#### ABOUT THIS TASK:
Output, exactly and with no pictures, the line that contains "Hotel La Praia" and every line that comes after it in the data below, the last one included.

#### STORED DATA:
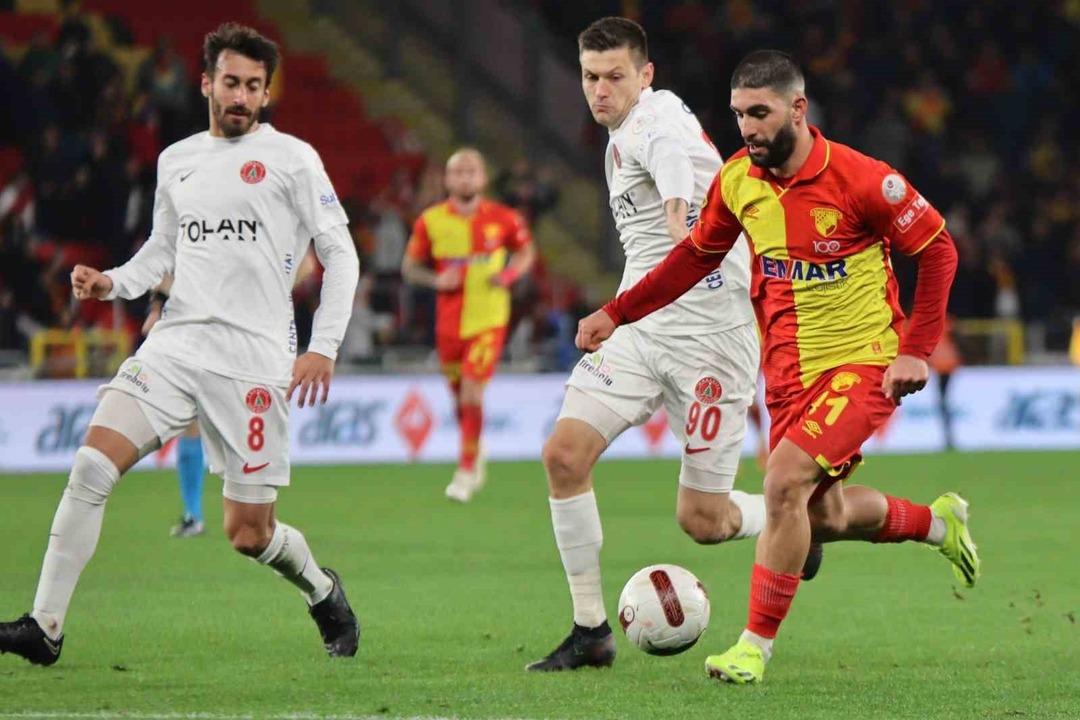 G&ouml;ztepe&rsquo;nin orta sahası Ahmed Ildız, &Ccedil;orum FK yolcusu 2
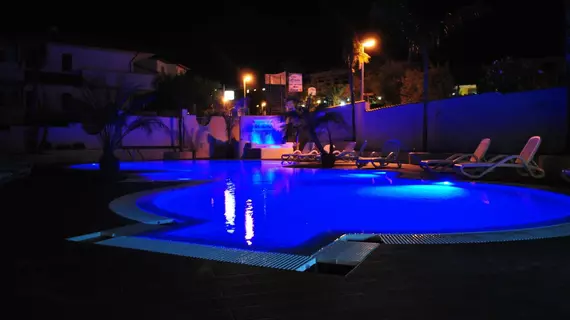 Hotel La Praia | Calabria - Vibo Valentia (vilayet) - Zambrone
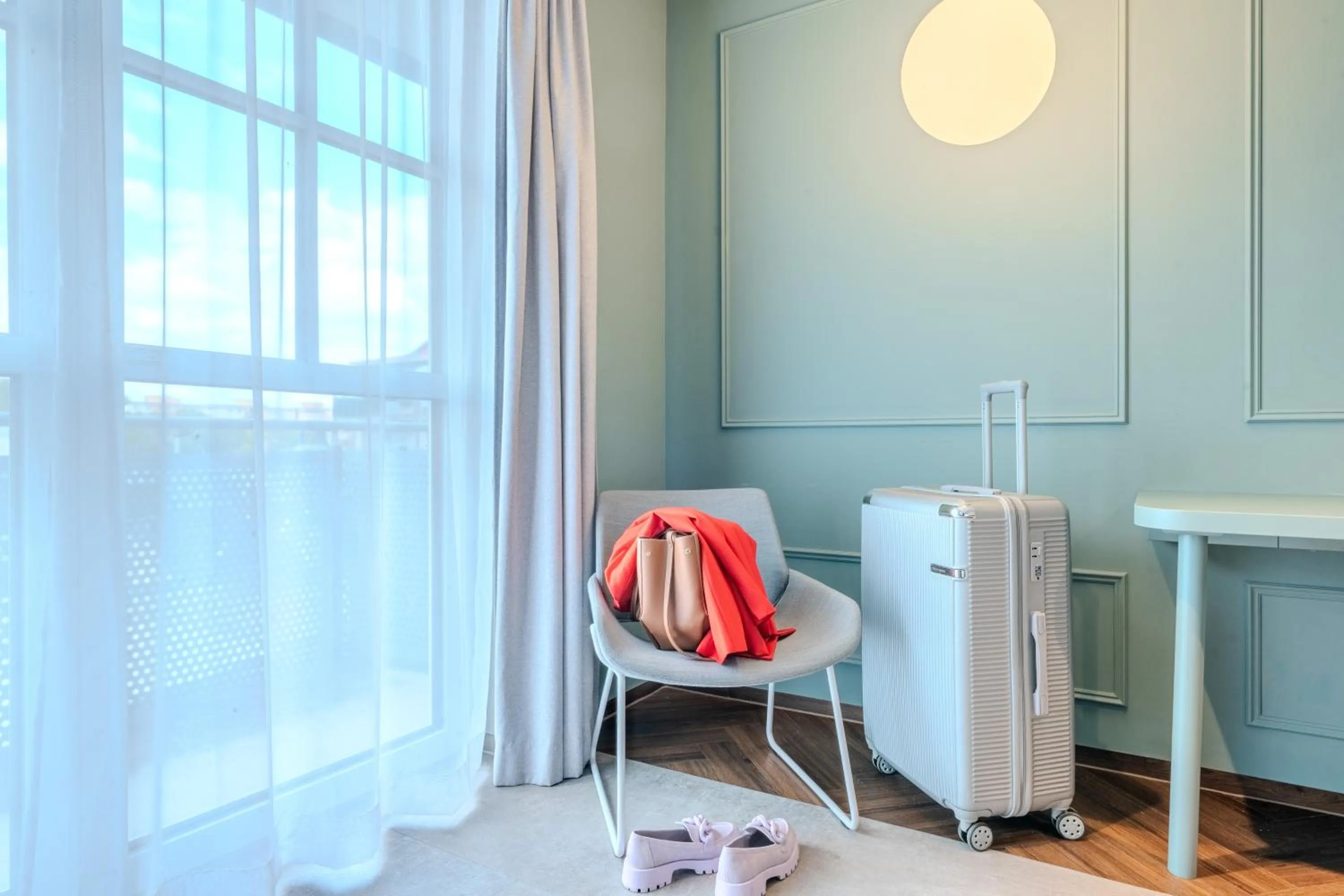 Seating area in ibis Styles Graz Messe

#### ANSWER SPACE:
 Hotel La Praia | Calabria - Vibo Valentia (vilayet) - Zambrone
 Seating area in ibis Styles Graz Messe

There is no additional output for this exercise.